Looks like this one might even be free. Maybe some tools on this side could be worked out for current higher level members / developers?

What you describe could be done in three ways

We build it from scratch but we would need detailed estimate data and we only license consensus. It’s a big expensive project.

Any data added to P123 needs to be historical point-in-time. I doubt estimize has that. Also, external data has additional hurdles, like linking it to the right company which is very hard in the past.

I believe Reuters has this type of data when they bough a company (forgot the name), but they would ask for a lot of money (to also make up for P123 switching to S&P!)

Thanks

Marco,

I would be interested in this but also anything that broadened or improved our estimate data.

I ran a screen of Zacks earnings estimates revisions today (free screener: not Zacks Rank) and ran the same one on P123. There were 12 stocks that passed both screens. This was out of 44 in the Zacks screen and 50 in the P123 screen. I believe this is just due to different analysts being followed.

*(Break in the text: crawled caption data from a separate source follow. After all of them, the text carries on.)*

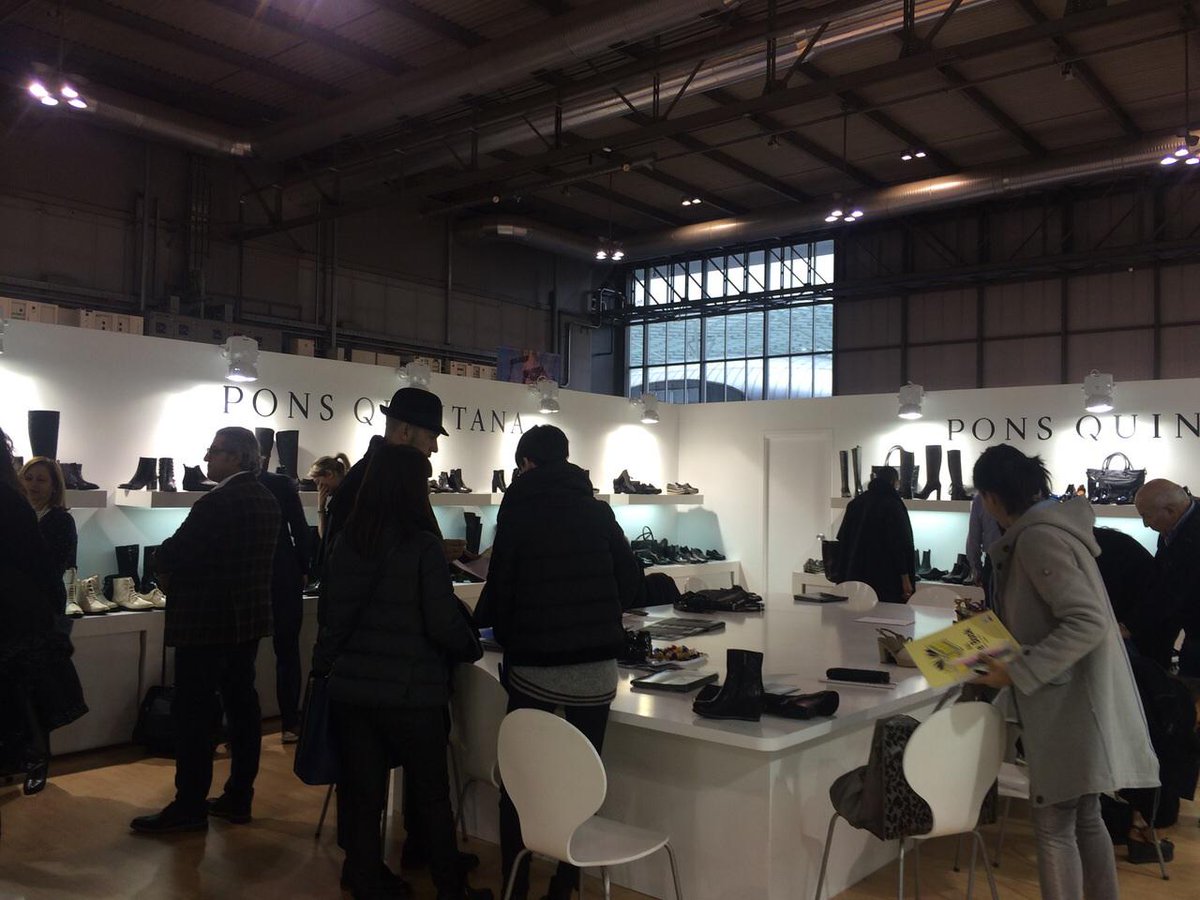 Ayer se inauguró la feria MICAM en Milán <a href="/PonsQuintana/">Pons Quintana</a> #fashion #moda #tendencias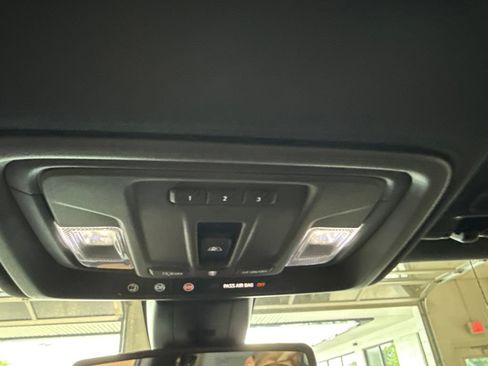 Used 2022 GMC Sierra 1500 AT4 w/ AT4 Premium Package AWD/4WD image 34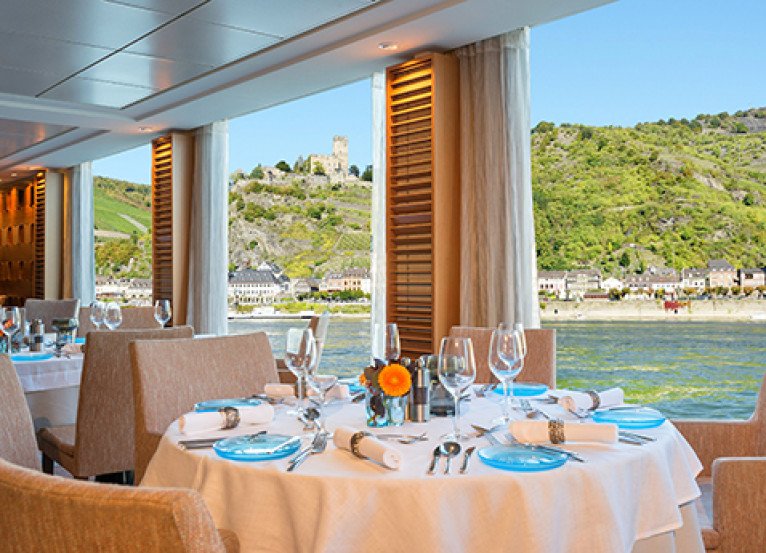 The Restaurant on Viking Lofn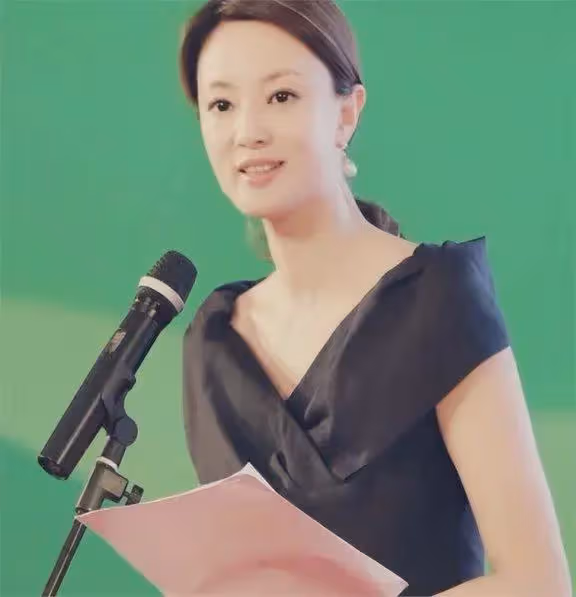 事實證明,毀於謠言的「央視台花」劉芳菲,已走上另一條大道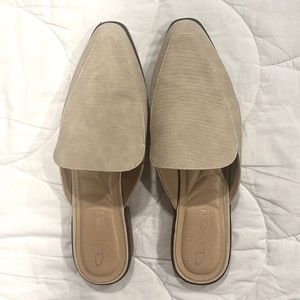 Didn’t love the way they looked on me. Never worn!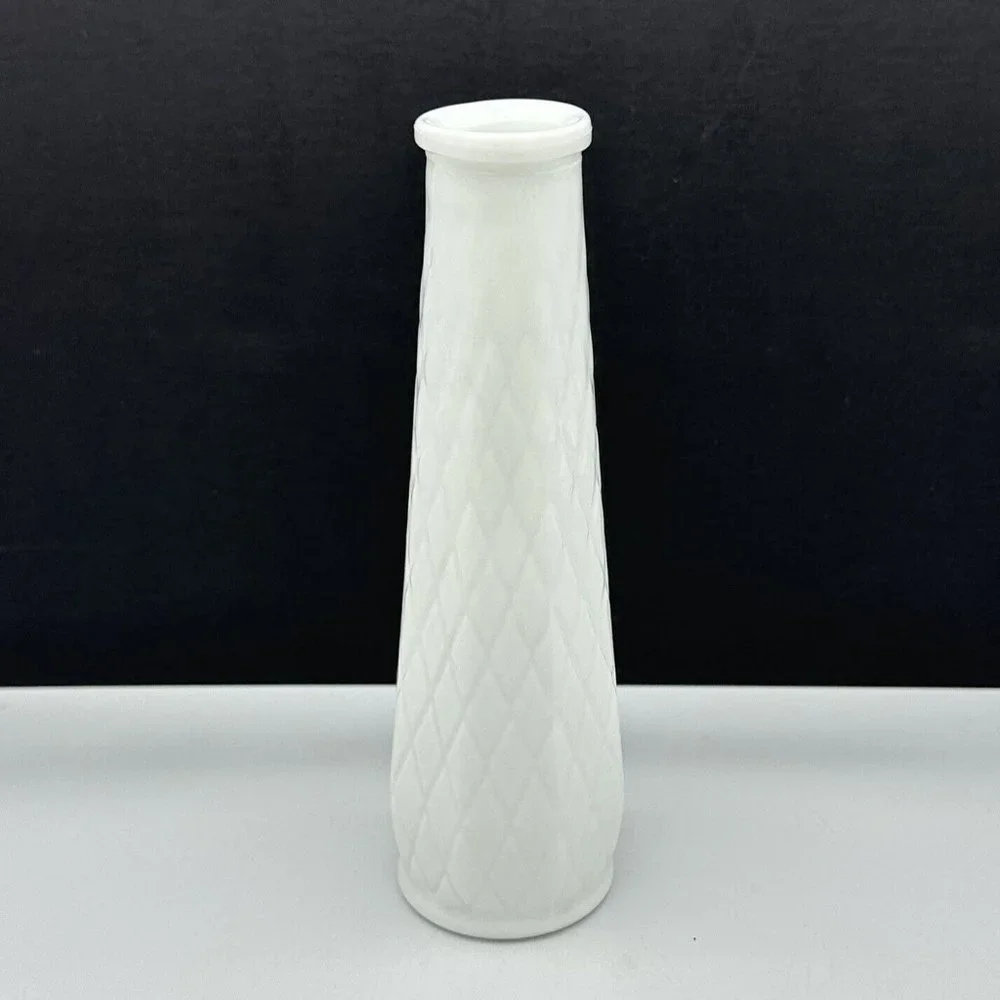 Vintage‎ E O Brody Cleveland 8 Panel Milk Glass Vase M-147 Quilted Diamonds 9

I think there are a number of ways the additional information could improve ports. One could look for more consensus and probably improve the return for each stock or could increase the number of stocks in the port without affecting returns: more analyzed stocks.

This may be too costly and it works well as is.

Edit: is it just different analysts or a delay in updating the consensus estimates for CompuStat or Zacks?

It’s a lot more. To some extent, it’s different analysts, but the bigger difference is in the methods of collection and analysis, particularly in deciding which estimates should be included in consensus. For example, how long can an estimate be outstanding before it’s considered stale and is removed from consensus? What’s the difference between an estimate that is truly stale or just unchanged? How do vendors go about tracking analyst movement among firms? How do vendors go about ascertaining that estimates are truly apples to apples, assuming they do so at all? Etc.